A single dataset is almost always split into disjoint subsets so that performance can be measured honestly.

Split	Purpose	Typical fraction
Training set	Examples used to fit model parameters	60 to 90 percent
Validation (dev) set	Examples used for hyperparameter tuning and early stopping	5 to 20 percent
Test set	Examples used only at the end to estimate generalization	5 to 20 percent

A cardinal rule of supervised ML is that test examples must never be used to train or tune the model. When they are, the test error is no longer an honest estimate of how the model will perform on new data. Information leakage between splits is one of the most common reasons published results fail to reproduce.

Hard and easy examples

Not every example is equally informative. Some are easy: the model gets them right almost from the first epoch. Others are hard: the model misclassifies them again and again, or the loss on them stays high. The recognition that this matters led to several lines of work.
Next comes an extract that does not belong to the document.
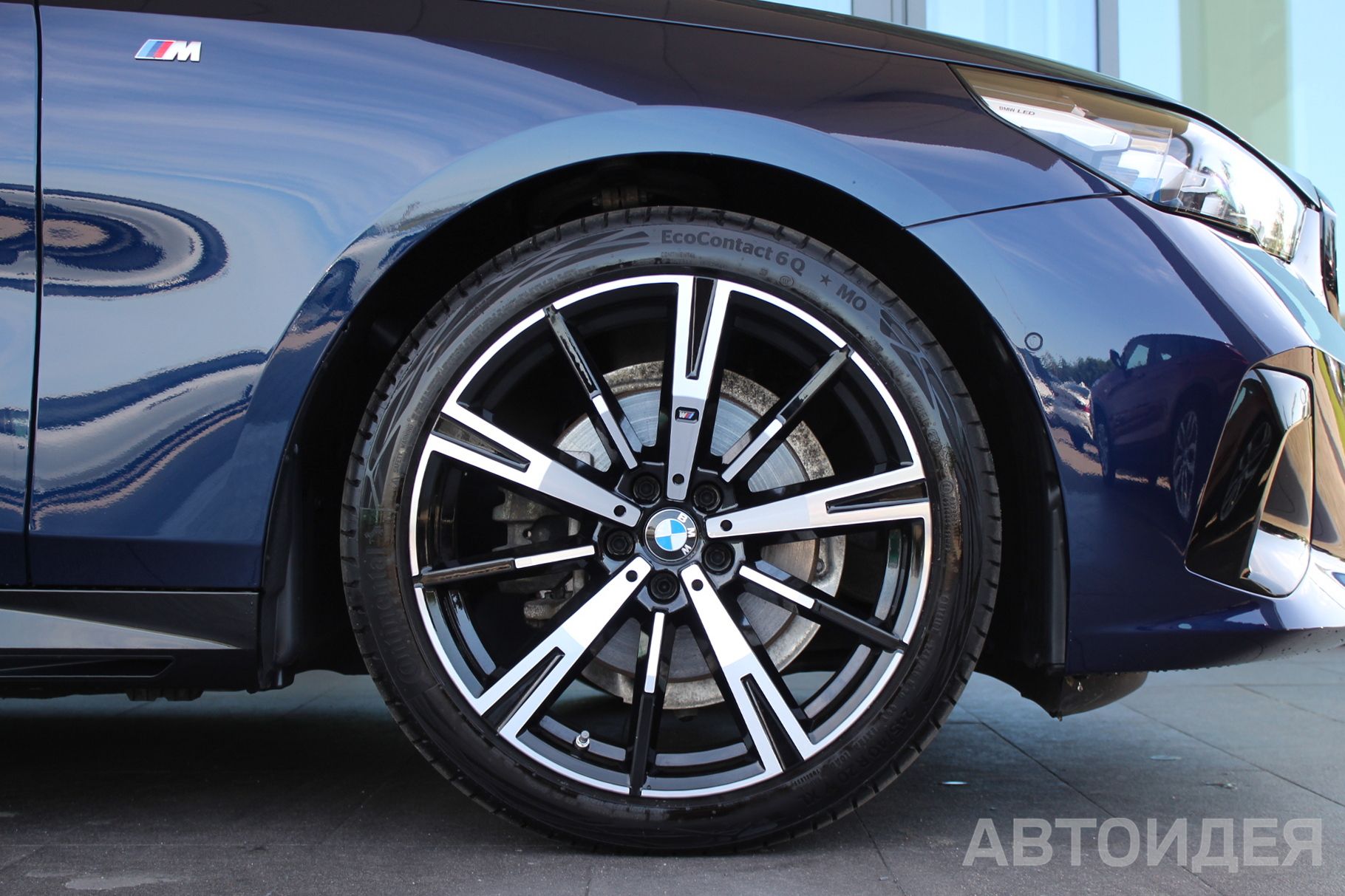 BMW 520d xDrive Синий Танзанит II металлик фото 6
Curriculum learning, introduced by Yoshua Bengio and colleagues in 2009, presents examples in order of increasing difficulty rather than at random. The intuition borrowed from human and animal learning: build up from simple cases to complex ones. Bengio et al. reported faster convergence and better final solutions on shape recognition and language modeling tasks.

Hard-example mining goes the other way. Object detectors and face recognizers often train on a stream of mostly easy negatives. Online hard example mining (OHEM), proposed by Abhinav Shrivastava and colleagues, deliberately oversamples the examples on which the current model performs worst. This focuses gradient signal where it matters and tends to improve detection accuracy.

Noisy or mislabeled examples are a third category. They are hard for the wrong reason. A line of confident learning research, including work by Curtis Northcutt and colleagues at MIT, audits popular benchmarks and finds that test sets like ImageNet, MNIST, and CIFAR contain real labeling errors that depress reported accuracies of strong models.

Adversarial examples

Adversarial examples are inputs that have been intentionally perturbed to make a model misclassify them, often by a margin invisible to humans. The phenomenon was reported by Christian Szegedy and colleagues in the 2014 ICLR paper Intriguing properties of neural networks. They showed that almost any image could be perturbed by a tiny amount and cause a confident image classifier to assign the wrong label. The perturbations also transferred between models trained on different subsets of the data.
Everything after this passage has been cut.